# Stumbled onto another cool site...



## Daniele1969 (Aug 12, 2011)

http://shop.cafepress.com/knitting?cmp=fb_Knitting&pid=6673149&utm_medium=display&utm_source=facebook&utm_campaign=fb_knitting

They have a button for $3.00 US "I knit, therefore I Rock"

I have GOT to get it.... Wonder if they have it on a t-shirt?

Dani


----------



## bearland53 (Jul 3, 2011)

I love their crochet sayings - I've been wanting to buy a mug


----------



## Dreamweaver (Feb 1, 2011)

The "let me finish this row" OR "I'm counting" are heard so much around here, I should have them tattooed on palms, but I'll settle for the buttons. Great site...


----------



## elsienicholls (Mar 24, 2011)

They do have some really great knitting related items, don't they?


----------



## 3mom (Apr 20, 2011)

I like the shirt next to it---"I'm not easily distracted. . . " Sound about right?


----------



## SharonM (Nov 25, 2011)

my favorite... my job is interfering with my knitting!


----------



## ladystarshine (Apr 29, 2011)

I love it. so cute. Big decision which is more appropriate.


----------



## cd4player (Jul 29, 2011)

Love it! Thanks for the link - I have it bookmarked now and will give it to my kids as a "suggestion" for birthday gifts ...


----------



## Lovemygreys (Apr 4, 2011)

They sell stuff for every interest. I have bought several greyhound shirts here. I found some of the Tshirts in womens sizes ran a little small. Had to go up a size especially to allow for shrinkage. Sweatshirts were larger and true to size but the sweatshirt was for a man or woman. Just for your info.


----------



## LizLowery (Oct 7, 2011)

I want that one...no, that one....oh, bother, I want it all!


----------



## Daniele1969 (Aug 12, 2011)

Dreamweaver said:


> The "let me finish this row" OR "I'm counting" are heard so much around here, I should have them tattooed on palms, but I'll settle for the buttons. Great site...

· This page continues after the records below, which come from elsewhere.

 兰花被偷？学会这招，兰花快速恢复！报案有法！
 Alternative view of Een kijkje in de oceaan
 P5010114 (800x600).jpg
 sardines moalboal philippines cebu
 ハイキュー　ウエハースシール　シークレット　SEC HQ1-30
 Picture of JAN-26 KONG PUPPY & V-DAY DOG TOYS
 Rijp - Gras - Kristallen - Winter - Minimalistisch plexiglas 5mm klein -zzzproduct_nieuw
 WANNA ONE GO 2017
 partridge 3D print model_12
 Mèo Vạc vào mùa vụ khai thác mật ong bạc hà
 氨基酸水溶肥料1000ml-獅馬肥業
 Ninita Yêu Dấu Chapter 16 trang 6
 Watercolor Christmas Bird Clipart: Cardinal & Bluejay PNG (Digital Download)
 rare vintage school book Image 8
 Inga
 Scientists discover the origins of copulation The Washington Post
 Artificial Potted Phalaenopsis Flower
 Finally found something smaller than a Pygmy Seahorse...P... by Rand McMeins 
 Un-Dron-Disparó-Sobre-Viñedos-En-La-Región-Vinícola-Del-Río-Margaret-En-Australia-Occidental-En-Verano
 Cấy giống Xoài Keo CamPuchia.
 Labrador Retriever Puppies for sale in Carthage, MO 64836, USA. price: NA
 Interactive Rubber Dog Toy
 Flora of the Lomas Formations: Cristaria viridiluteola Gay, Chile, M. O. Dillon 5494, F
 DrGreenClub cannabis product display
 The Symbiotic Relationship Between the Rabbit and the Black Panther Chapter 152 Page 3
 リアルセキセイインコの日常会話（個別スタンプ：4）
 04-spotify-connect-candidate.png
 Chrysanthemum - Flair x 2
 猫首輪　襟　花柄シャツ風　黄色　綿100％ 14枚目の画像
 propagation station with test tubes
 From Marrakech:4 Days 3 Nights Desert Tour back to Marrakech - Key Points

You know, I thought of you when I saw that... LOL.

Dani


----------



## LadyLibrarian (Oct 7, 2011)

I believe I have ordered four t shirts from there. Found one for reading and knitting which I love. They are all so cute people notice them.


----------



## gordon000 (Jul 17, 2011)

My favorite - Anatomy of a sock. It's on a mug (pg 11) but, going to copy it and embroidery it on a T-shirt. "so many choices to pick from". Thanks for the link.


----------



## leighanne1968 (Apr 10, 2011)

I love that site! Just fun to browse around it for new definitions of life in general!


----------



## aknitter (Jan 25, 2011)

LOL and making a list. I'm Knitting So....is my favorite. Ha!

Anita


----------



## FyberSpace (Feb 22, 2011)

I got a button at Debbie Macomber's A Good Yarn Shop that I have pinned to my knitting bag.
It says, "I knit so I do not kill people"
Some days that's more true than others......


----------



## stann (Mar 3, 2011)

The t-shirt in the upper RH corner of page 1 is enough
to convince me I will never order from this site.


----------



## barbsadams (Apr 8, 2011)

What a great site! thanks for sharing.

Barbs X


----------



## Phoenix (Oct 2, 2011)

LMAO..."I knit so I won't kill people"....ROTFAICGU


----------



## Phoenix (Oct 2, 2011)

Dreamweaver said:


> The "let me finish this row" OR "I'm counting" are heard so much around here, I should have them tattooed on palms, but I'll settle for the buttons. Great site...


LOL...today my daughter and grandkids came into my room to talk and I was counting....my daughter told the kids..."wait a minute, she's counting!!!"....LOL


----------